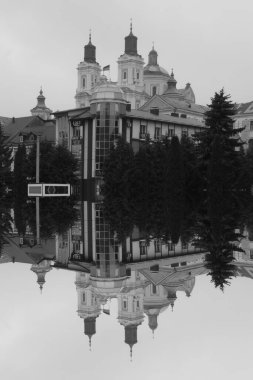 Eski şehrin tarihi kısmı. Eski kasaba, merkez cadde. Dönüşüm Katedrali.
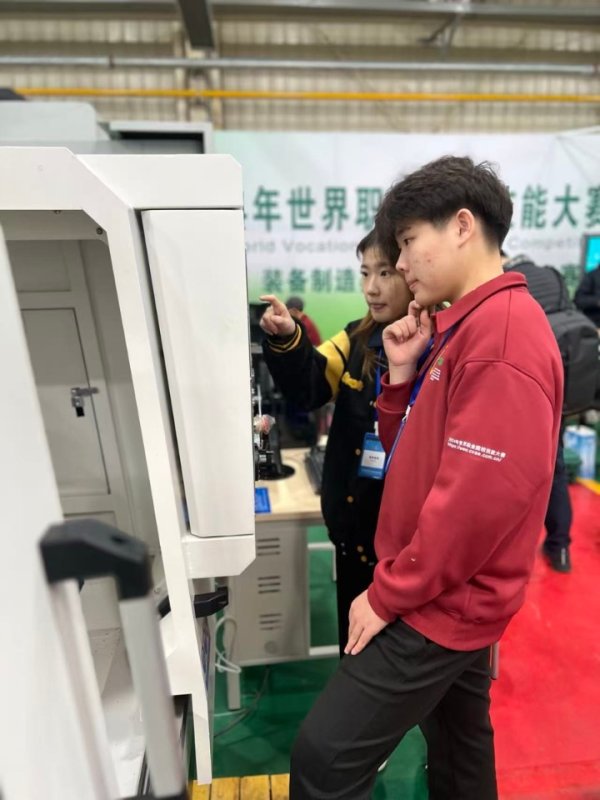 深富策略 中职生技能大赛夺冠获央企直聘，18岁少年有望月薪过万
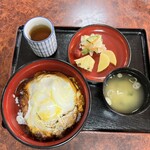 Takaraya - 大名カツ丼（税込み９５０円）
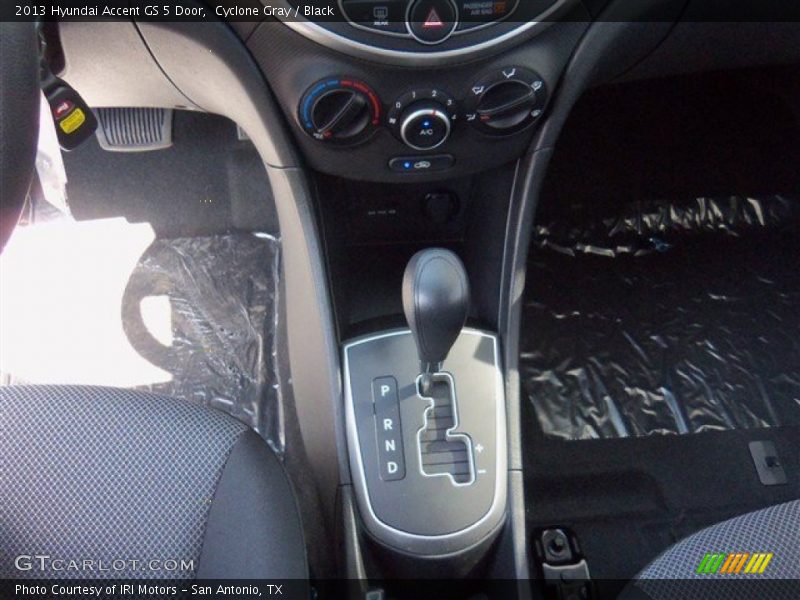 Cyclone Gray / Black 2013 Hyundai Accent GS 5 Door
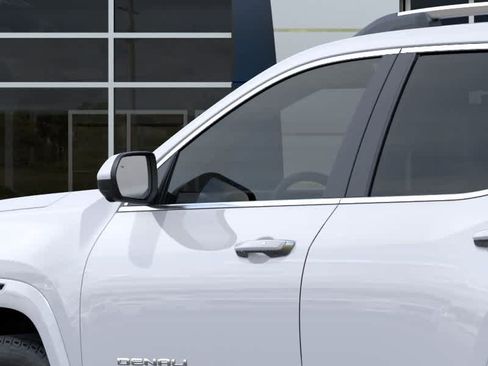 New 2026 GMC Terrain Denali w/ LPO, Floor Liner Package AWD/4WD image 12
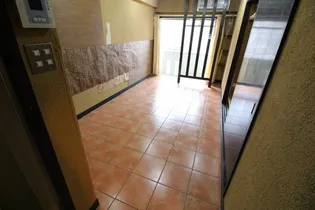 ナッツクラッカー医大東【6階】の内装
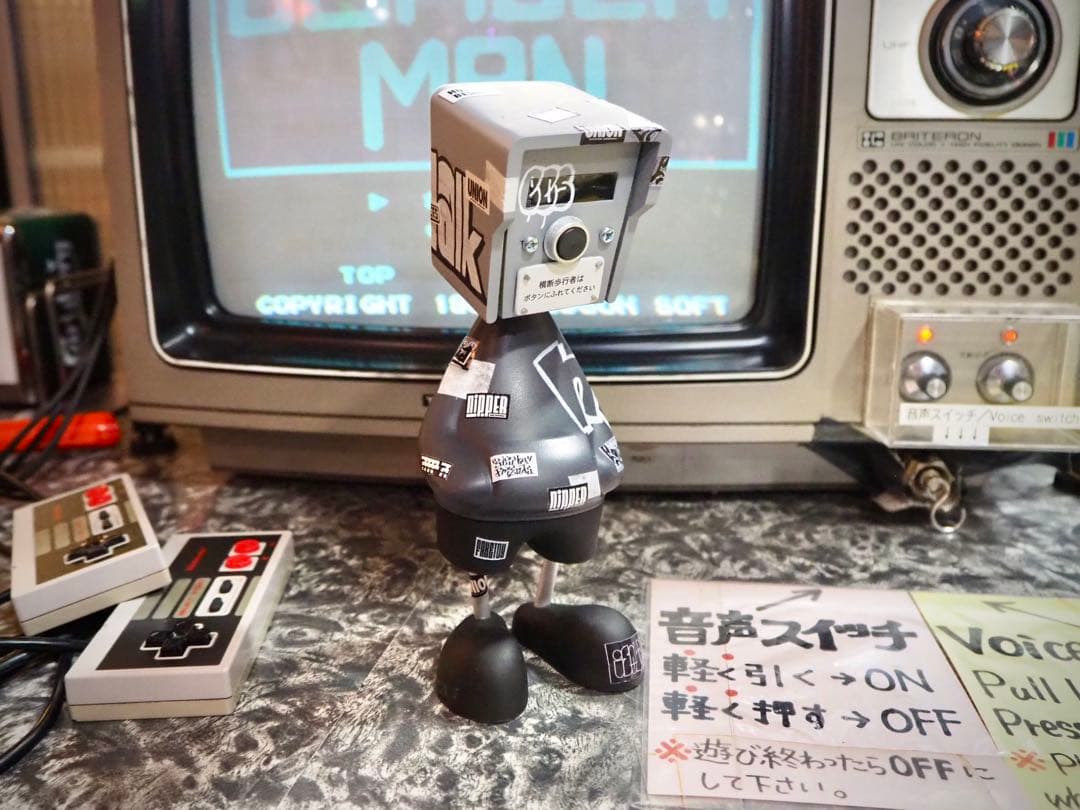 ジ*ー様 激レア FAKETOY ウォーカー WALKER モノクロ 2026年最新】FAKETOY walkerの人気アイテム - メルカリ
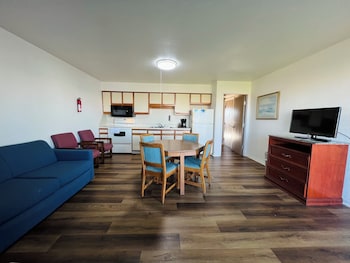 Suite with Two Double Beds - Non Smoking Across the street from ocean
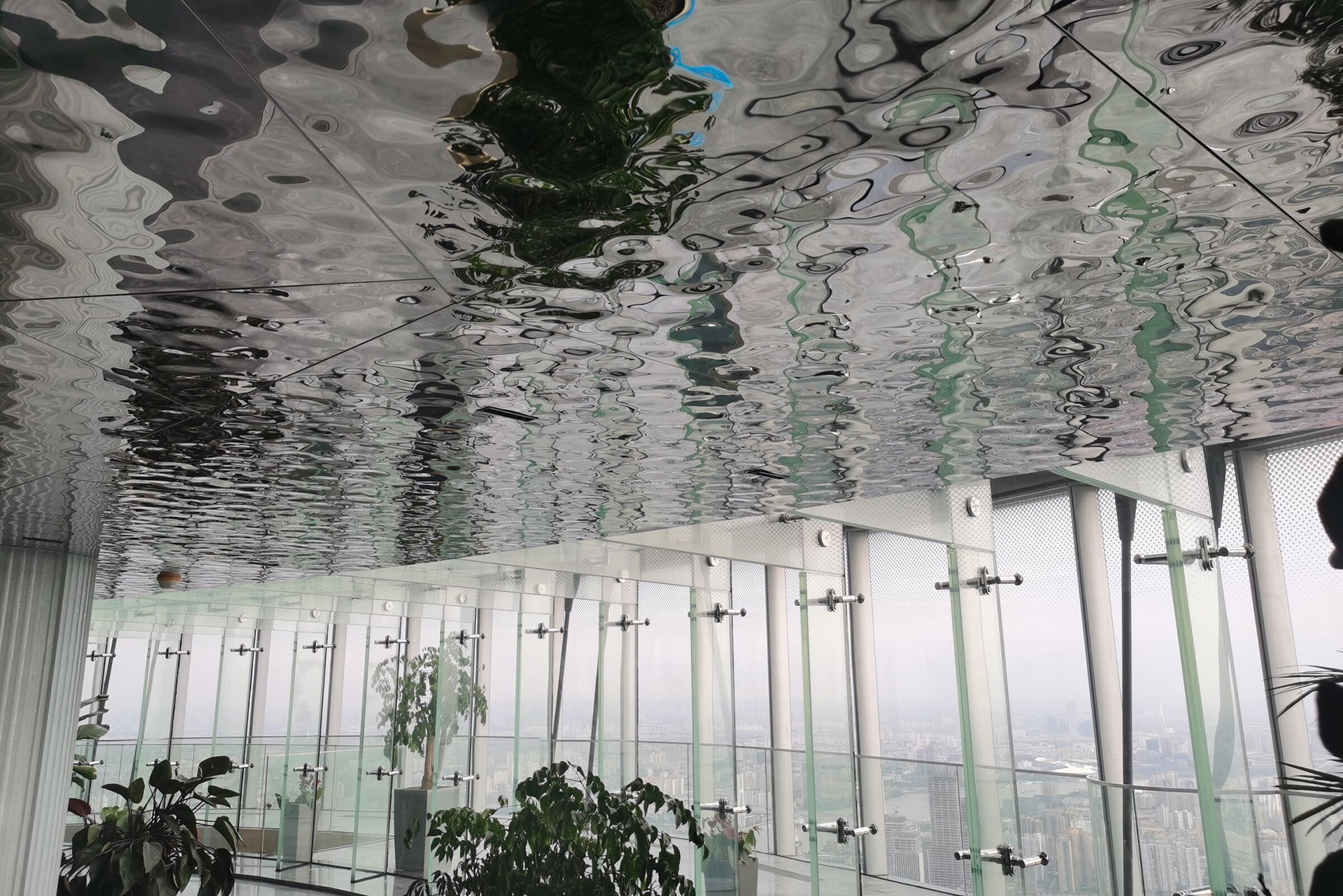 Edelstahldecke mit Wassereffekt im Shanghai-Tower&nbsp;archello.com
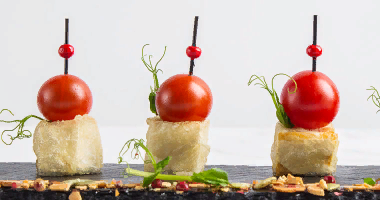 შემწვარი ტოფუს კანაპეები ალუბლით 10 ცალი.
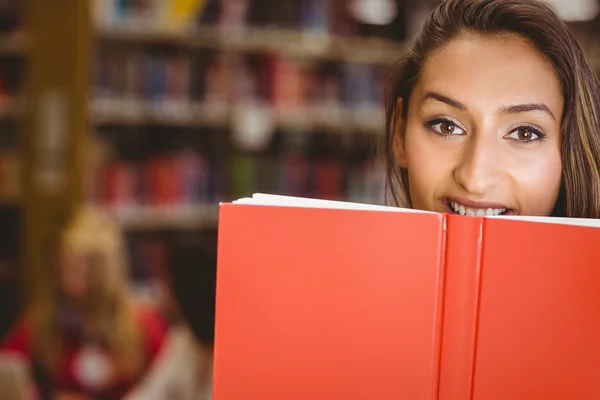 Söt brunett student anläggning bok — Stockfoto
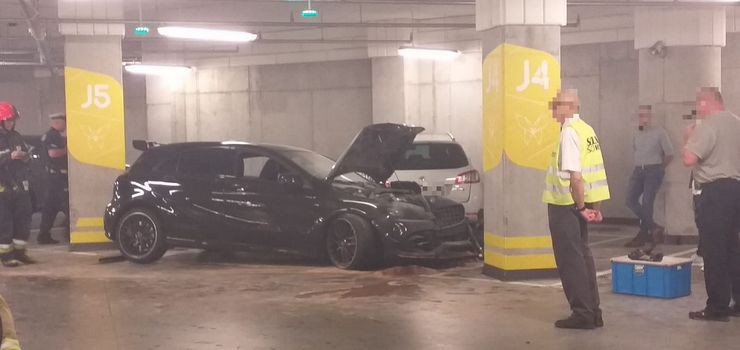 Wjecha w filar na parkingu podziemnym Centrum Handlowego. Kierowca by po rodkach odurzajcych - zobacz film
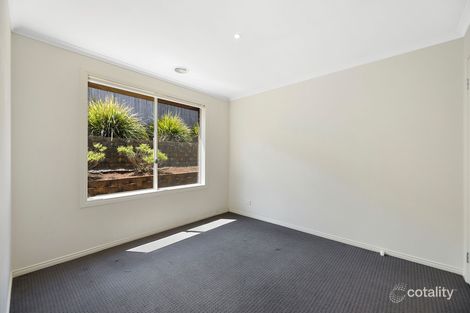 Property photo of 26 Hatfield Drive Drouin VIC 3818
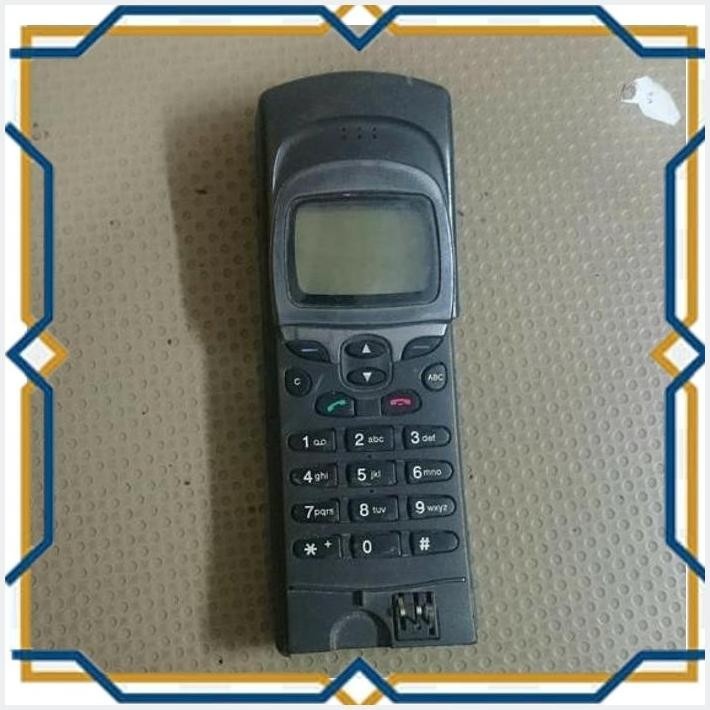 [ICH] NOKIA 8110 NOKIA  PISANG BUAT BAHAN JUAL PART HP JADUL LANGKA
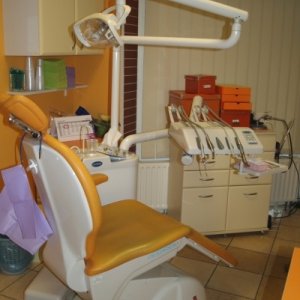 Sprzedam unit -y stomatologiczne Stern Weber; A-DEC, Dentana opinie o sprzęcie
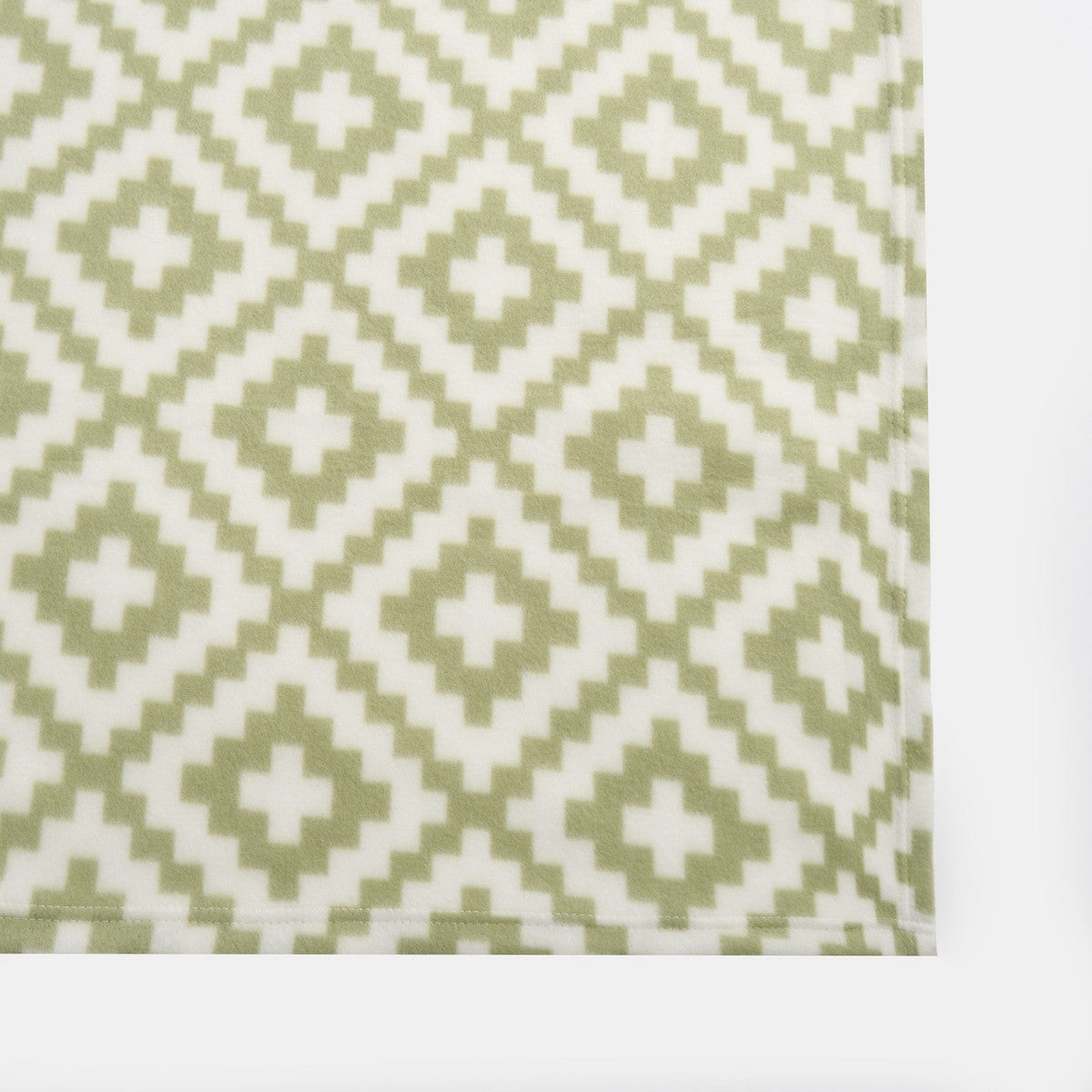 Geometric Tile Print Fleece Throw – Sage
- - - - -
#### Problem
Write out, word for word, the line containing "Sprzedam unit -y" and each line after it to the end of the data, and nothing more. Drop the pictures.

#### Exercise answer
 Sprzedam unit -y stomatologiczne Stern Weber; A-DEC, Dentana opinie o sprzęcie
 Geometric Tile Print Fleece Throw – Sage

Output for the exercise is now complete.